• Problem to solve: Reproduce word for word the lines between those holding "Antique Victorian Whitby" and "Rhinestone Earring 2124", inclusive, and nothing else from the data below.

Scraped caption text data
--

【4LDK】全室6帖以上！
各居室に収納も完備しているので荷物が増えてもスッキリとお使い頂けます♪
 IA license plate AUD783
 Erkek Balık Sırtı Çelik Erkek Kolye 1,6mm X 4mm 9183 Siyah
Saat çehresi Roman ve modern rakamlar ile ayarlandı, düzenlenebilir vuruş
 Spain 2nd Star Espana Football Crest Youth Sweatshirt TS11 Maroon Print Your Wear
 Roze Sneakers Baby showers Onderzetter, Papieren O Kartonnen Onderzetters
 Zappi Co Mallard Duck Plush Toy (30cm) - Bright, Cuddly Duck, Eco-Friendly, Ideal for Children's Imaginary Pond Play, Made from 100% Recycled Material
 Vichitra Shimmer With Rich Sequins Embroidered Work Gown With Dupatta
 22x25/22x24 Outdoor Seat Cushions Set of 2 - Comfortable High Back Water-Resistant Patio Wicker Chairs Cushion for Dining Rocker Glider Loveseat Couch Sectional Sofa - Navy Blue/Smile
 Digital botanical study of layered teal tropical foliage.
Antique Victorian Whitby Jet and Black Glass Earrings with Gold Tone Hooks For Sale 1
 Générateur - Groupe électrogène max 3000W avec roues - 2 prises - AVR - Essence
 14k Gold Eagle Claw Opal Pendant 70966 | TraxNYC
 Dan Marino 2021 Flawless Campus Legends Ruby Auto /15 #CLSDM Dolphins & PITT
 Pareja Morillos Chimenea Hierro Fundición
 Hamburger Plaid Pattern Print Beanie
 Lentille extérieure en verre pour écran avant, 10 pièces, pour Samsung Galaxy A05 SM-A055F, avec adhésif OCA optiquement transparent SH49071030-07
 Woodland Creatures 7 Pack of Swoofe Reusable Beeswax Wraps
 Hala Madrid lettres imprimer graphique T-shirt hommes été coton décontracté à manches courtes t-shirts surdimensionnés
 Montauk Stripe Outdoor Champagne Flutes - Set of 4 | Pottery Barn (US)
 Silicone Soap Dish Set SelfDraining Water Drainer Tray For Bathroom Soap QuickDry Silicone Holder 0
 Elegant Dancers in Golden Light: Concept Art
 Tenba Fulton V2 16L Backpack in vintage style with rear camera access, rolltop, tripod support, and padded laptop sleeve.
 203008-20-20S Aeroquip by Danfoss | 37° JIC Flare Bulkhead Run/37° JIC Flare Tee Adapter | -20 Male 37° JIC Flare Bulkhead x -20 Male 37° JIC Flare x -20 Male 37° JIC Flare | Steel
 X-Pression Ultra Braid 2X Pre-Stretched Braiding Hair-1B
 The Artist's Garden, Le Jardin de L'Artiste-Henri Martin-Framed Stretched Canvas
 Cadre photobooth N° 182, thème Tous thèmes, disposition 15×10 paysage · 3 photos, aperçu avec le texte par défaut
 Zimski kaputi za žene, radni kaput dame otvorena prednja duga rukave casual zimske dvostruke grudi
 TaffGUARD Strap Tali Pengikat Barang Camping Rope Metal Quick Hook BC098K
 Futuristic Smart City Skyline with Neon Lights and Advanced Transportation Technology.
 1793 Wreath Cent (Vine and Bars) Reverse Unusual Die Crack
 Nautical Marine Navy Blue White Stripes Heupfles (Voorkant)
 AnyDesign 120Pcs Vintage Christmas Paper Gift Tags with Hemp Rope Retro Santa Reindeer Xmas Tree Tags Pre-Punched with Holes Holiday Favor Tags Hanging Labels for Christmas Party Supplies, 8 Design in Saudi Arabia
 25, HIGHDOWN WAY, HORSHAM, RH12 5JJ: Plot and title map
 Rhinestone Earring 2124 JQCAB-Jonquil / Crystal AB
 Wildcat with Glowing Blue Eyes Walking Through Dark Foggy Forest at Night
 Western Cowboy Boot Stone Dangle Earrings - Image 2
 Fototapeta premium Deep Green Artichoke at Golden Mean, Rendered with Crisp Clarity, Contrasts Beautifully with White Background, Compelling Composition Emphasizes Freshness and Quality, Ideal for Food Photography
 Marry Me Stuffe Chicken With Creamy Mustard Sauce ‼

--

• Finished exercise:
Antique Victorian Whitby Jet and Black Glass Earrings with Gold Tone Hooks For Sale 1
 Générateur - Groupe électrogène max 3000W avec roues - 2 prises - AVR - Essence
 14k Gold Eagle Claw Opal Pendant 70966 | TraxNYC
 Dan Marino 2021 Flawless Campus Legends Ruby Auto /15 #CLSDM Dolphins & PITT
 Pareja Morillos Chimenea Hierro Fundición
 Hamburger Plaid Pattern Print Beanie
 Lentille extérieure en verre pour écran avant, 10 pièces, pour Samsung Galaxy A05 SM-A055F, avec adhésif OCA optiquement transparent SH49071030-07
 Woodland Creatures 7 Pack of Swoofe Reusable Beeswax Wraps
 Hala Madrid lettres imprimer graphique T-shirt hommes été coton décontracté à manches courtes t-shirts surdimensionnés
 Montauk Stripe Outdoor Champagne Flutes - Set of 4 | Pottery Barn (US)
 Silicone Soap Dish Set SelfDraining Water Drainer Tray For Bathroom Soap QuickDry Silicone Holder 0
 Elegant Dancers in Golden Light: Concept Art
 Tenba Fulton V2 16L Backpack in vintage style with rear camera access, rolltop, tripod support, and padded laptop sleeve.
 203008-20-20S Aeroquip by Danfoss | 37° JIC Flare Bulkhead Run/37° JIC Flare Tee Adapter | -20 Male 37° JIC Flare Bulkhead x -20 Male 37° JIC Flare x -20 Male 37° JIC Flare | Steel
 X-Pression Ultra Braid 2X Pre-Stretched Braiding Hair-1B
 The Artist's Garden, Le Jardin de L'Artiste-Henri Martin-Framed Stretched Canvas
 Cadre photobooth N° 182, thème Tous thèmes, disposition 15×10 paysage · 3 photos, aperçu avec le texte par défaut
 Zimski kaputi za žene, radni kaput dame otvorena prednja duga rukave casual zimske dvostruke grudi
 TaffGUARD Strap Tali Pengikat Barang Camping Rope Metal Quick Hook BC098K
 Futuristic Smart City Skyline with Neon Lights and Advanced Transportation Technology.
 1793 Wreath Cent (Vine and Bars) Reverse Unusual Die Crack
 Nautical Marine Navy Blue White Stripes Heupfles (Voorkant)
 AnyDesign 120Pcs Vintage Christmas Paper Gift Tags with Hemp Rope Retro Santa Reindeer Xmas Tree Tags Pre-Punched with Holes Holiday Favor Tags Hanging Labels for Christmas Party Supplies, 8 Design in Saudi Arabia
 25, HIGHDOWN WAY, HORSHAM, RH12 5JJ: Plot and title map
 Rhinestone Earring 2124 JQCAB-Jonquil / Crystal AB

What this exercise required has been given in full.